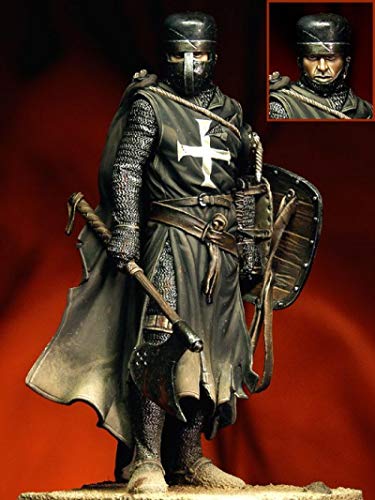 FCBEL 1/18 90mm Ancient Crusader Armor Samurai Resin Charakter Die-Cast Modell, unmontiert und unbemalt Miniatur Soldaten Bausatz/A59515 von FCBEL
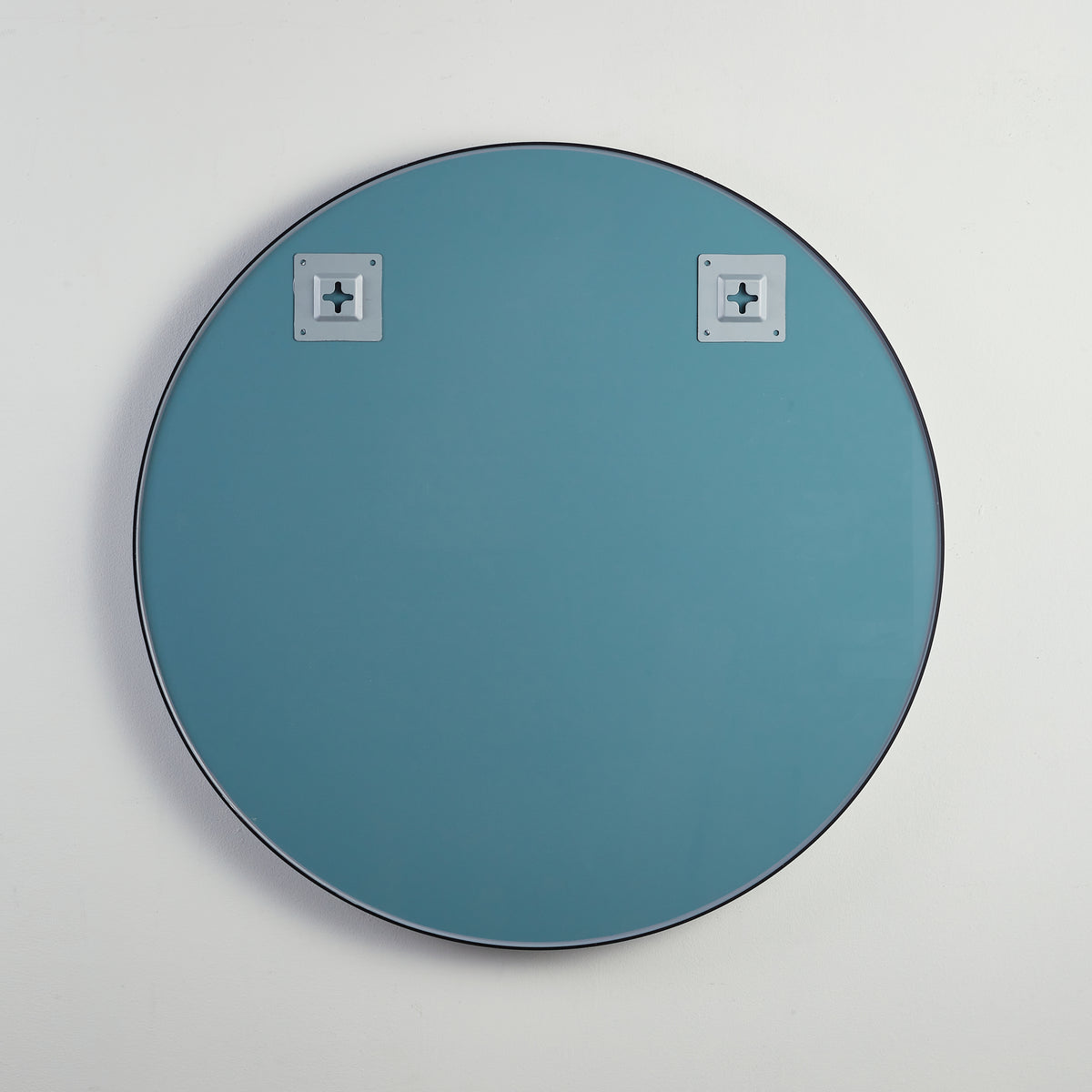 KR800F-MB Olivia Matte Black Round Wall Mounted Mirror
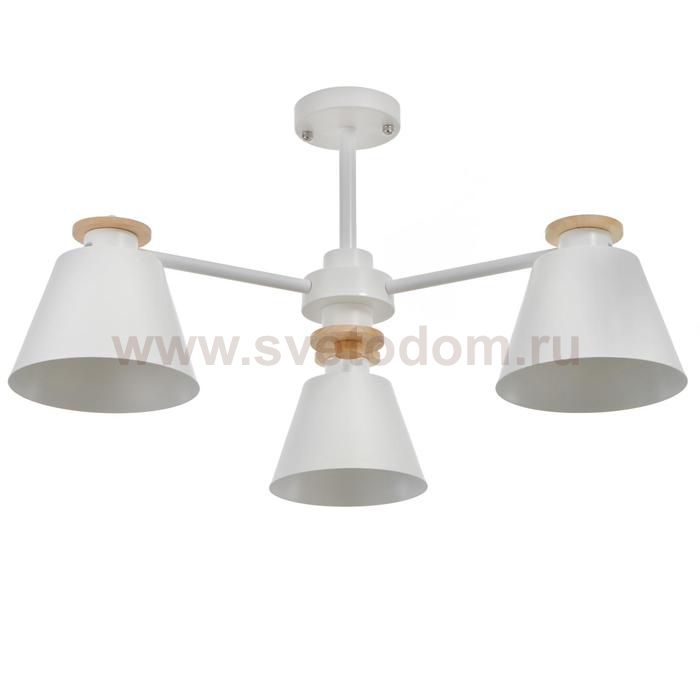 Люстра 1064/3WT E27 60Вт белый 75х75х50 см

※ ※ ※

### [How to complete this task]
All of the listing is to be written out exactly, with the pictures left out.

### [Solution]
 FCBEL 1/18 90mm Ancient Crusader Armor Samurai Resin Charakter Die-Cast Modell, unmontiert und unbemalt Miniatur Soldaten Bausatz/A59515 von FCBEL
 KR800F-MB Olivia Matte Black Round Wall Mounted Mirror
 Люстра 1064/3WT E27 60Вт белый 75х75х50 см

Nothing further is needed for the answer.